I’ve never worked that way. I tend to disclose whatever, whenever, wherever. I don’t see the information I give people as a primary indication that our relationship has grown, particularly in the early stages. There’s not much in my ‘inner circle’ that wouldn’t also be readily volunteered in any other conversation with peeps I’d just met. I tend to let trust grow based on the way information is handled, as opposed to via quantity and quality of said information.
So it was weird when a fairly close, much adored, friend of mine would repeatedly ask me to trust him; to tell him all my ish. And the more he — let’s call him Blark — asked, the more I realized he had a point; I wasn’t telling him my ‘inner circle’ stuff. Despite our uncanny chemistry, I kept our conversations to philosophical meanderings, daily career derps, and otherwise common ground. When I fought with a friend, or worried about a sick pet, or had a family blowout, I said nothing.
I finally took a chance and let him in on a family debacle. He blew me off. And wasn’t sorry when I told him it hurt my feelings. I kept trying, kind of, for another year, but that was when the growth in that friendship started to die.
It wasn’t until a conversation with a former best friend, Dertch, that I realized why I’d stalled in the disclosure arena with Blark. Dertch ran out of bff mojo years ago. It’s a long sad story, but it definitely wasn’t tragic. We currently have a cozy once-a-year chit chat festival and then we’re free to pretend like our long, entwined, history is still enough to call what we have a close friendship. This year, in response to a direct question, I dropped a quasi bomb about my eyesight and retinopathy. I was met with a blatant, unhesitating sidestep. I said the line, ‘I want to see things before I can’t anymore,’ and his response was, ‘well, that sounds like it will be fun.’ And then we talked about other things. The end.
I wasn’t really surprised; that sidestep wasn’t the first one to stale the now granite loaf of what used to be a delicious friendship. But, sitting on my couch later, hurt despite my lack of expectations, I realized that I tend to refrain from putting stuff on the table if I think I won’t be met with empathy.

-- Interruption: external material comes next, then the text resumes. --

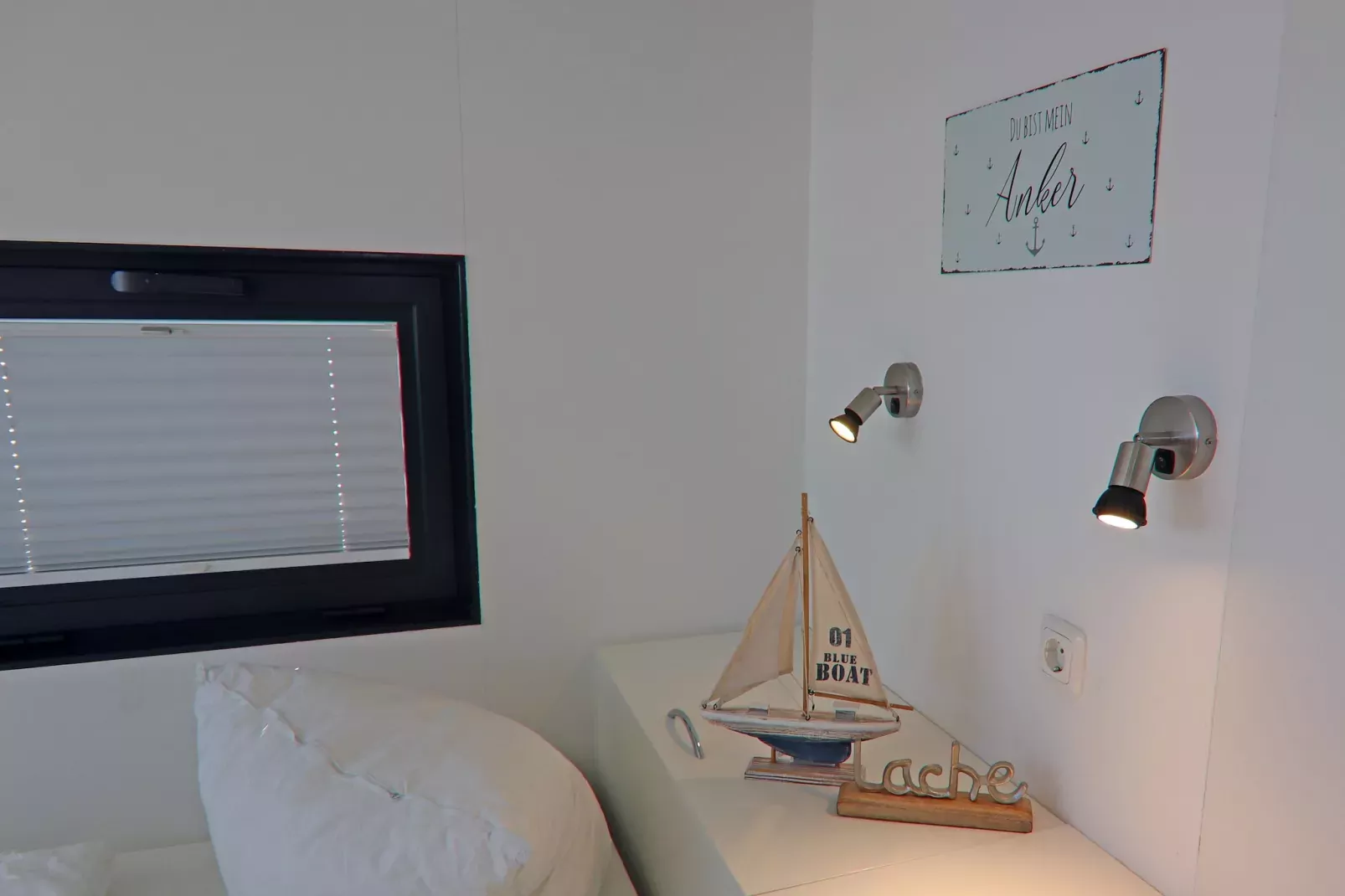 Hausboot Family & Friends LP 4 / 1-2 Personen-Slaapkamer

I don’t have to have a history with a person to take a chance and say my piece, but taking that risk is based on whether or not I feel I’m engaging with someone who will hear me. See me. And not chuck the handful that is my reach aside with a nonchalant toss that will leave me smaller.
This realization came mere hours after my existential meltdown over my daily post challenge here on Medium. I’d typed out twelve lines that basically screamed frustration into the ether with little in the way of coherency or qualifiers, and then let it sit, baleful, in the sun of reception. I was too far gone in my nihilist spiral to wax profoundly on how I would handle comments. I maybe casually thought I’d be told to get a grip, calm down, stop being too hard on myself, get over myself, or be explained to because what even is writing. But, I’d already put my ish out there; I wasn’t going to take it back, and I wasn’t sorry for my meltdown. And I was too morose to succumb to yet another meltdown because more of my people couldn’t see me, or my reach.
I was met with eight kinds of support. Literally eight drastically different ways of hearing me and responding to me, from close friends to colleagues to peers, and back again. I was encouraged and supported and teased and described. I was verbally embraced with shared feelings and insight. It was a near instant response from so many people, and it was all to clasp my hand.
And, that’s it. That is the exquisite point of it all. I had this meltdown yesterday, because why even do anything, why write my shitty dailies, why write my tedious meanderings, why bother with my sarcastic metaphors. Why, when it’s not what I wanted it to be, or what it should be, or needed to be. And the answer is in the reach and clasp, the prompt hug of hearing and understanding. The answer is in empathy and our ability to change the rivers and plains of experience with a single phrase.